> [Task description]
Look through the data below and, wherever a line carries the word "from", please copy that line.

> [Material for this exercise]
┌──

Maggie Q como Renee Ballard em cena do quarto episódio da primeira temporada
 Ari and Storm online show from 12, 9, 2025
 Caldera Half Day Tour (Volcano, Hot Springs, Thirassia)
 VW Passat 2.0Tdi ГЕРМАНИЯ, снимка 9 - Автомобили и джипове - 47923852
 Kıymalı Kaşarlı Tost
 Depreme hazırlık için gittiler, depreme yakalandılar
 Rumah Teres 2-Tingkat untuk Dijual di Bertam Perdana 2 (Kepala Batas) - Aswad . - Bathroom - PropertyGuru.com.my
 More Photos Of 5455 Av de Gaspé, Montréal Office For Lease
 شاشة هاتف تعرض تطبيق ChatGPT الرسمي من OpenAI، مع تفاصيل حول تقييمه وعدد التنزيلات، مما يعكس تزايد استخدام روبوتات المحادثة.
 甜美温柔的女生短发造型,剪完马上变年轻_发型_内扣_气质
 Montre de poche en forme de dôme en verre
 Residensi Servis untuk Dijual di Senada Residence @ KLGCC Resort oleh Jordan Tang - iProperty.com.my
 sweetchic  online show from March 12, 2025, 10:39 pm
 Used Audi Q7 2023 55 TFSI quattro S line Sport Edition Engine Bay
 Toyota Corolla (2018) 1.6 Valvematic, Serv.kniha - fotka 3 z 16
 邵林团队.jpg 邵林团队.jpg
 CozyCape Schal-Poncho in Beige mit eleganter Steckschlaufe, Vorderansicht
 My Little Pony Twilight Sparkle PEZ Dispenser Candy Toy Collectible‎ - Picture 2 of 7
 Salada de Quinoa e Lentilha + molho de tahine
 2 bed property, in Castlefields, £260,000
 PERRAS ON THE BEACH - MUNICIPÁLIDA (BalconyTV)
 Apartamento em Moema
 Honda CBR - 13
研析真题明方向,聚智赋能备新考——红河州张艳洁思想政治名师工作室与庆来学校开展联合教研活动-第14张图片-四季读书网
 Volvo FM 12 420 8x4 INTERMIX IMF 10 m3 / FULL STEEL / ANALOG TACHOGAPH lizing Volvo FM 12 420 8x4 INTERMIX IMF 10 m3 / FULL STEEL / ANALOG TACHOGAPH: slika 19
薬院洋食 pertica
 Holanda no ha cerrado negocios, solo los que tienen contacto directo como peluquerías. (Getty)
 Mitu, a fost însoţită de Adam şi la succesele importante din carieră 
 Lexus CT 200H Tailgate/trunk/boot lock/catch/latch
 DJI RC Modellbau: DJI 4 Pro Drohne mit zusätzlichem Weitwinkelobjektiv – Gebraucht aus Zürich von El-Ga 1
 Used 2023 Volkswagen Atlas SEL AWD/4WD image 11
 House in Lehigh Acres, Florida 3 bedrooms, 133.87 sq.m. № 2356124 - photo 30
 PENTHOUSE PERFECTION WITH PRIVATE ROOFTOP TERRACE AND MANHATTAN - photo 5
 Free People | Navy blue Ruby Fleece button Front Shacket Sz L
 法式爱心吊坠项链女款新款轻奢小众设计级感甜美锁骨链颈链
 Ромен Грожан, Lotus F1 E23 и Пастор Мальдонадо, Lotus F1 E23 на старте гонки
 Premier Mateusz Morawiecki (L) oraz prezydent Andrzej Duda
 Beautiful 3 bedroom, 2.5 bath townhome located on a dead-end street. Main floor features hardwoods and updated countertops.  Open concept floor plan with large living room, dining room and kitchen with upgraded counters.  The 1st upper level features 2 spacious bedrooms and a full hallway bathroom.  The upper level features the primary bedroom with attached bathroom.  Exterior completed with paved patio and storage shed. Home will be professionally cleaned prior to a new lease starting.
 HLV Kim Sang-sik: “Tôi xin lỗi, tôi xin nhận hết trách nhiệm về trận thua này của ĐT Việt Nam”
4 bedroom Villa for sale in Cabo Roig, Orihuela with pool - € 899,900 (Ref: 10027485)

└──

> [The completed task]
 Ari and Storm online show from 12, 9, 2025
 sweetchic  online show from March 12, 2025, 10:39 pm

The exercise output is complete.